Correlation Between NORWEGIAN AIR and Carnegie Clean
Can any of the company-specific risk be diversified away by investing in both NORWEGIAN AIR and Carnegie Clean at the same time? Although using a correlation coefficient on its own may not help to predict future stock returns, this module helps to understand the diversifiable risk of combining NORWEGIAN AIR and Carnegie Clean into the same portfolio, which is an essential part of the fundamental portfolio management process.
By analyzing existing cross correlation between NORWEGIAN AIR SHUT and Carnegie Clean Energy, you can compare the effects of market volatilities on NORWEGIAN AIR and Carnegie Clean and check how they will diversify away market risk if combined in the same portfolio for a given time horizon. You can also utilize pair trading strategies of matching a long position in NORWEGIAN AIR with a short position of Carnegie Clean. Check out your portfolio center. Please also check ongoing floating volatility patterns of NORWEGIAN AIR and Carnegie Clean.

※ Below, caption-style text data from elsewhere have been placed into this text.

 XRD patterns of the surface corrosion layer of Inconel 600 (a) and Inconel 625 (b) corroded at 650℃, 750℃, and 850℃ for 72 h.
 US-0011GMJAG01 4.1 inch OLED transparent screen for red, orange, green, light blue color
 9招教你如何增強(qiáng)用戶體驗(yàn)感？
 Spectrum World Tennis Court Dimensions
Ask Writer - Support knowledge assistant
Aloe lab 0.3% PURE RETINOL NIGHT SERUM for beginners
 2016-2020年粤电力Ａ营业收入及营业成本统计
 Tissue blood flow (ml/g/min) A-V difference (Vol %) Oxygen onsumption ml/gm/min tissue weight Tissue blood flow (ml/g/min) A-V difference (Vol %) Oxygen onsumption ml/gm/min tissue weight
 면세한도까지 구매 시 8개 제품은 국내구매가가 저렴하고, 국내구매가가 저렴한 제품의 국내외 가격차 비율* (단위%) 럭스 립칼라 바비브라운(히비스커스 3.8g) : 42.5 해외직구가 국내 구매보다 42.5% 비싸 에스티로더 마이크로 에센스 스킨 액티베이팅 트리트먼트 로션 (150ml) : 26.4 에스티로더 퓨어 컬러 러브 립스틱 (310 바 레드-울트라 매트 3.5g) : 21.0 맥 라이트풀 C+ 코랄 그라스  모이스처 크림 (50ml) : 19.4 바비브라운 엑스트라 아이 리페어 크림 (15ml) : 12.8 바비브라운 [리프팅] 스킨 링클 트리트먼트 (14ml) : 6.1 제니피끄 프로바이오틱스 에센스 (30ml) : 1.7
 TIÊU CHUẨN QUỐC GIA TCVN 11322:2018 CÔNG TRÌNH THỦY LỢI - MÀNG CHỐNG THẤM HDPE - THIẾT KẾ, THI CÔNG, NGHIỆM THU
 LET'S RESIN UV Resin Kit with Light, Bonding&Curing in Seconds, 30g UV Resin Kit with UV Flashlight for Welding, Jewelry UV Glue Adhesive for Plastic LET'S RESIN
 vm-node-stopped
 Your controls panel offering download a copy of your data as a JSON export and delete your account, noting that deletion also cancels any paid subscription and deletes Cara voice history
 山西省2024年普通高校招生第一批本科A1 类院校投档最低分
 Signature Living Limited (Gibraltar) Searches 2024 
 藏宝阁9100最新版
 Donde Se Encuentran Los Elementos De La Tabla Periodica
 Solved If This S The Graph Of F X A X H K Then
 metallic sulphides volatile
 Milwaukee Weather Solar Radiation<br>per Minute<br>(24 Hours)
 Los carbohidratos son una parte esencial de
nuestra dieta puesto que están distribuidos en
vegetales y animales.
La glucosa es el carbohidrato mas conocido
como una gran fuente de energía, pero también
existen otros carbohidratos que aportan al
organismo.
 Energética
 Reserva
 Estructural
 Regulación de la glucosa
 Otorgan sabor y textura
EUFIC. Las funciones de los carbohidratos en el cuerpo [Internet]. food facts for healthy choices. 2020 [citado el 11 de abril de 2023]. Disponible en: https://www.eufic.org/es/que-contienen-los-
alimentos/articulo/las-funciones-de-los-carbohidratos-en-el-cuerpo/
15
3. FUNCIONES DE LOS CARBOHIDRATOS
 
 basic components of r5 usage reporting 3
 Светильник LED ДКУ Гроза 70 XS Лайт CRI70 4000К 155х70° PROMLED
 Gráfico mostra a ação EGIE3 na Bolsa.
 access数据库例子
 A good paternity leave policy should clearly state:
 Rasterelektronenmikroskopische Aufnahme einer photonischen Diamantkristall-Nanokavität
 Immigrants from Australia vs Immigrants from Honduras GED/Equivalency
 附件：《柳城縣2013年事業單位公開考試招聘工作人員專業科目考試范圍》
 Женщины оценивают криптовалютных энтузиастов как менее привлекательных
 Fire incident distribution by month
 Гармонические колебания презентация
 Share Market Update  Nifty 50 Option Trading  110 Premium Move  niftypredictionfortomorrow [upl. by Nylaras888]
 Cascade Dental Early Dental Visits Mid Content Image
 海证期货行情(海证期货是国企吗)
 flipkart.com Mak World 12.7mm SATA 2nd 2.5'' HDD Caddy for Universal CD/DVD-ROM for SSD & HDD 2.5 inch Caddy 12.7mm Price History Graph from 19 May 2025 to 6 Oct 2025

Diversification Opportunities for NORWEGIAN AIR and Carnegie Clean
-0.14 | Correlation Coefficient |
Good diversification
The 3 months correlation between NORWEGIAN and Carnegie is -0.14. Overlapping area represents the amount of risk that can be diversified away by holding NORWEGIAN AIR SHUT and Carnegie Clean Energy in the same portfolio, assuming nothing else is changed. The correlation between historical prices or returns on Carnegie Clean Energy and NORWEGIAN AIR is a relative statistical measure of the degree to which these equity instruments tend to move together. The correlation coefficient measures the extent to which returns on NORWEGIAN AIR SHUT are associated (or correlated) with Carnegie Clean. Values of the correlation coefficient range from -1 to +1, where. The correlation of zero (0) is possible when the price movement of Carnegie Clean Energy has no effect on the direction of NORWEGIAN AIR i.e., NORWEGIAN AIR and Carnegie Clean go up and down completely randomly.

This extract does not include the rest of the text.